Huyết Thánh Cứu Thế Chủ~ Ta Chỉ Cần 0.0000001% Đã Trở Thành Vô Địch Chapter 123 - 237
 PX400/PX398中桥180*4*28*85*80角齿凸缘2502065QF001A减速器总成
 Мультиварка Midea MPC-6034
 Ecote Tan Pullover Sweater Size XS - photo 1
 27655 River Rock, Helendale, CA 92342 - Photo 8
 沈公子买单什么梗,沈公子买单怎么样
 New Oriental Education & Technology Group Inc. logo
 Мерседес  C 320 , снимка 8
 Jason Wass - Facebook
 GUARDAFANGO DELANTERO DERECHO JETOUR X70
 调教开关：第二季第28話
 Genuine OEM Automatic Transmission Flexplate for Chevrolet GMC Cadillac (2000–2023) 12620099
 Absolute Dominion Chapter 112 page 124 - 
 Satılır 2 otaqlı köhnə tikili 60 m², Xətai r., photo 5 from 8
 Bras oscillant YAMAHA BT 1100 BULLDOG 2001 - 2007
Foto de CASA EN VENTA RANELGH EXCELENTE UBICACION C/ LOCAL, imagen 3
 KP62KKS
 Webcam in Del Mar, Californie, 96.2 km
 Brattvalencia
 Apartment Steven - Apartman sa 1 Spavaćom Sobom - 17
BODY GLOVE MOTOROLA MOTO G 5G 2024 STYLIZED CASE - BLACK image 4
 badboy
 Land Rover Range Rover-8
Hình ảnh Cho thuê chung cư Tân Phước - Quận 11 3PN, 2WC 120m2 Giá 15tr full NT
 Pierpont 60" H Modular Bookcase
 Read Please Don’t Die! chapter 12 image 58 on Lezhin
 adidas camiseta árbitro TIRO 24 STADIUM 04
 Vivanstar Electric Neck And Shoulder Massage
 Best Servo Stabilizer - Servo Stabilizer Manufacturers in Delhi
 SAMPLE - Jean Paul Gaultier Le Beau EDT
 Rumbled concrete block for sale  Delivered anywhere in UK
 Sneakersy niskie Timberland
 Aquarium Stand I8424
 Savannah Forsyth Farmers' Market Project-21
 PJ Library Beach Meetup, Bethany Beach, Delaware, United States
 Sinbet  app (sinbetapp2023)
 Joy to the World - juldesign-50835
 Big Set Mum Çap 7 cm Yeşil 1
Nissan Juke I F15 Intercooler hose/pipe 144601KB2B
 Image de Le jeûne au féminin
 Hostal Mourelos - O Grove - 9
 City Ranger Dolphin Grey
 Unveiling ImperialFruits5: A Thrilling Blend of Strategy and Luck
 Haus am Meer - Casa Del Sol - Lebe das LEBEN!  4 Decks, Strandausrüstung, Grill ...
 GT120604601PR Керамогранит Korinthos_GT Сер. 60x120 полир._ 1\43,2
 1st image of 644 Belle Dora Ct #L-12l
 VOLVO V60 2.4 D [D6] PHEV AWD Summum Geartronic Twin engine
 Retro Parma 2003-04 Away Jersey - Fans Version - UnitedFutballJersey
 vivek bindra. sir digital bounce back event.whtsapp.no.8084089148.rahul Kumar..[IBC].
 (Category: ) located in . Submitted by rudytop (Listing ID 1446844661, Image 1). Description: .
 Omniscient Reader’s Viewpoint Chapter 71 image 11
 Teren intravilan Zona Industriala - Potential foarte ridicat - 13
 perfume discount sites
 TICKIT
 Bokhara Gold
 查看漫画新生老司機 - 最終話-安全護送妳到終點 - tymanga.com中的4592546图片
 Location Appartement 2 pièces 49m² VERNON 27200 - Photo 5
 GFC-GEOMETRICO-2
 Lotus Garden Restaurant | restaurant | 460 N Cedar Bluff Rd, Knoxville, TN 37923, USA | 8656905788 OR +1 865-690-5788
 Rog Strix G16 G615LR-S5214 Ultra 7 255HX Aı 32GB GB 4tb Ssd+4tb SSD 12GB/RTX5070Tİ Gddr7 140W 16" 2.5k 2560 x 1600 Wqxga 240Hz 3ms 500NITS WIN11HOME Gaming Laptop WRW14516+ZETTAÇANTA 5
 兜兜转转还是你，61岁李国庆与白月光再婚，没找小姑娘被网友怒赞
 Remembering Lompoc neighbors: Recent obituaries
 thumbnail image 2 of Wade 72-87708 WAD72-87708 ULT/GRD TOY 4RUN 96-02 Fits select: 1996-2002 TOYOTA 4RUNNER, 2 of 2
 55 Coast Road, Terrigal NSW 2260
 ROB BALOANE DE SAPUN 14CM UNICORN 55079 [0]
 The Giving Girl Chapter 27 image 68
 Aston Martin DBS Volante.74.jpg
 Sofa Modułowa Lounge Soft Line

----------------------------------------

◆ **Exercise**: Looking at the data above, return every line from the one with "perfume discount sites" down to the one with "兜兜转转还是你，61岁李国庆与白月光再婚，没找小姑娘被网友怒赞", exactly and inclusively.

◆ **Answer to this problem**:
 perfume discount sites
 TICKIT
 Bokhara Gold
 查看漫画新生老司機 - 最終話-安全護送妳到終點 - tymanga.com中的4592546图片
 Location Appartement 2 pièces 49m² VERNON 27200 - Photo 5
 GFC-GEOMETRICO-2
 Lotus Garden Restaurant | restaurant | 460 N Cedar Bluff Rd, Knoxville, TN 37923, USA | 8656905788 OR +1 865-690-5788
 Rog Strix G16 G615LR-S5214 Ultra 7 255HX Aı 32GB GB 4tb Ssd+4tb SSD 12GB/RTX5070Tİ Gddr7 140W 16" 2.5k 2560 x 1600 Wqxga 240Hz 3ms 500NITS WIN11HOME Gaming Laptop WRW14516+ZETTAÇANTA 5
 兜兜转转还是你，61岁李国庆与白月光再婚，没找小姑娘被网友怒赞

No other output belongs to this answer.